The raw data input 202 collects the raw data and the program function for defining zones for operating modes 204 defines zones for organizing the data in a three-dimensional space in zones corresponding to predefined operating modes. The raw data may be streamed from at least one drive cycle in a manner that ensures that sufficient data is collected for each operating mode. The engine data cache and stream manager 206 monitors the streaming of the data and delays the definition of the drive cycle data until the criteria imposed by the zone definitions unit 204 is met.

The diagnostic classification module 118 includes machine learning sections that perform feature extraction on the drive cycle data collected. The machine learning sections in the illustrated example includes:

Feature extraction, described with reference to FIGS. 3A-3C.

Labeler section, described with reference to FIGS. 4A-4B.

Train classification section, described with reference to FIG. 5

Use classification section, described with reference to FIGS. 6A and 6B.

In example implementations, the feature extraction section in FIG. 2 may receive drive cycle data at A, such as for example, fuel trims, rpm, load, throttle angle, ambients (pressure & temperature), diagnostic error codes for FIS (fuel injection system), geo-spatial data (location, speed)). The feature extraction section may communicate data to the labeler section at B, such as for example, coordinate vectors for drive cycles, which may result from NMF inferencing in the FTDS further resulting in weights for NMF, which may be downloaded and uploaded to and from a cloud data system 120 (in FIG. 1). The labeler section may communicate data with the train classification section at C, such as for example, annotations describing stages of injector clogging. The train classification section may communicate data with the use classification section at D, such as for example, classification model weights.
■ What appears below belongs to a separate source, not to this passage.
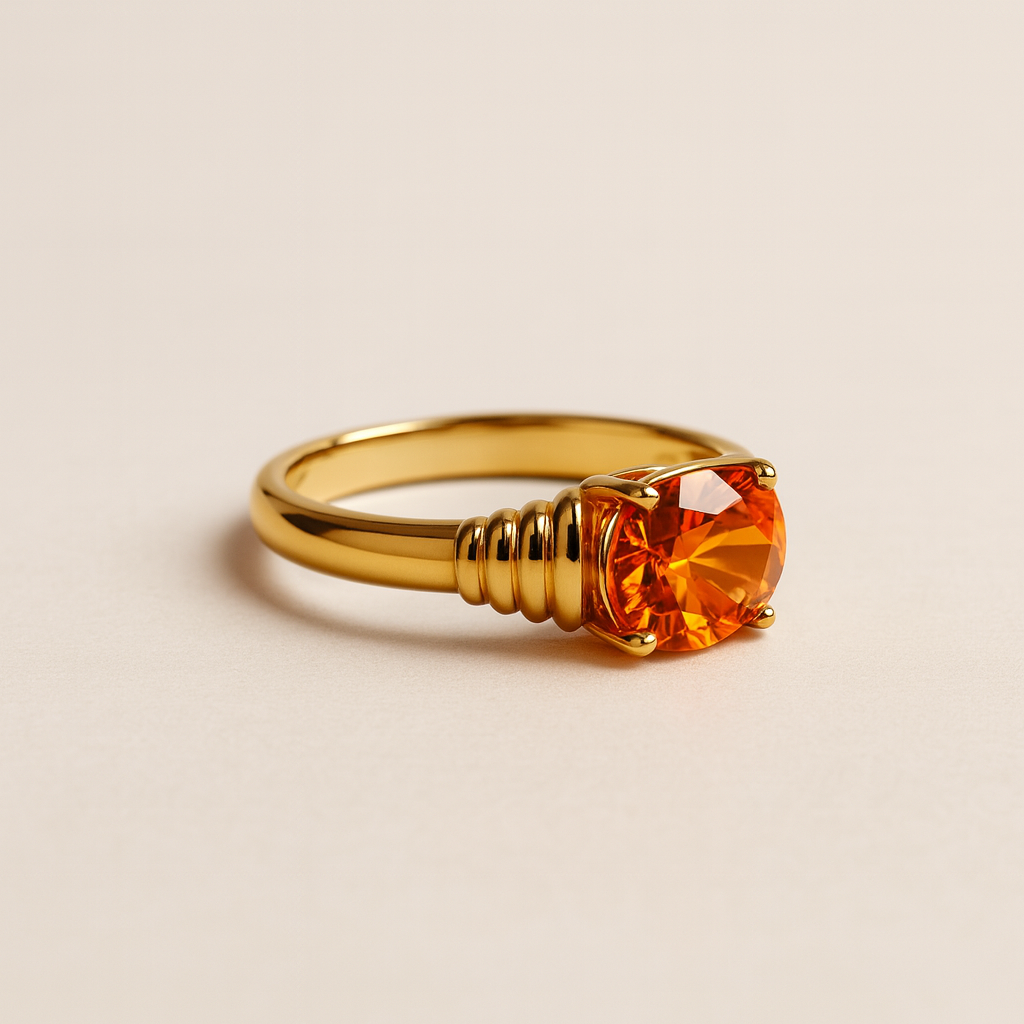 Citrine Sunset Ring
FIG. 3A is a flowchart illustrating operation of the ‘feature extraction’ section of a machine learning model trained to classify health and unhealthy drive cycles. Examples of the zone definition and operating mode definitions as well as organizing the data into an example 3-D space is also described with reference to FIG. 3A.

A three-dimensional space may be defined with engine speed, calculated engine load and fuel trims. The three-dimensional space is divided into zones 300 using a non-parametric method comprising a priori coordinates of engine speed and calculated engine load. At step 301, the zone definitions are loaded. After loading zone definitions, the zone coordinates are selected to ensure sampling of fuel trims in engine operating modes including and not limited to idle, idle HVAC (Heating, Ventilation, and Air Conditioning), low load cruise, midrange cruise and high load-high engine speed acceleration/cruise. Drive cycles 302, 303 comprising a minimum duration across each zone are sampled from ignition cycles in the trial data set. The minimum duration for zones is based on ensuring optimum support(criteria) at step 304 in fuel trim distributions sampled per zone and maximizing the following ratio:

=>(valid drive cycles)/(ignition cycles)

The above ratio is often referred to as ‘In Use Monitoring Performance Ratio.’ If the criteria are met, then at step 305, all the recorded inputs are collected. It is expected that the fuel trim diagnostic test should execute at least once per ignition cycle considering city driving conditions.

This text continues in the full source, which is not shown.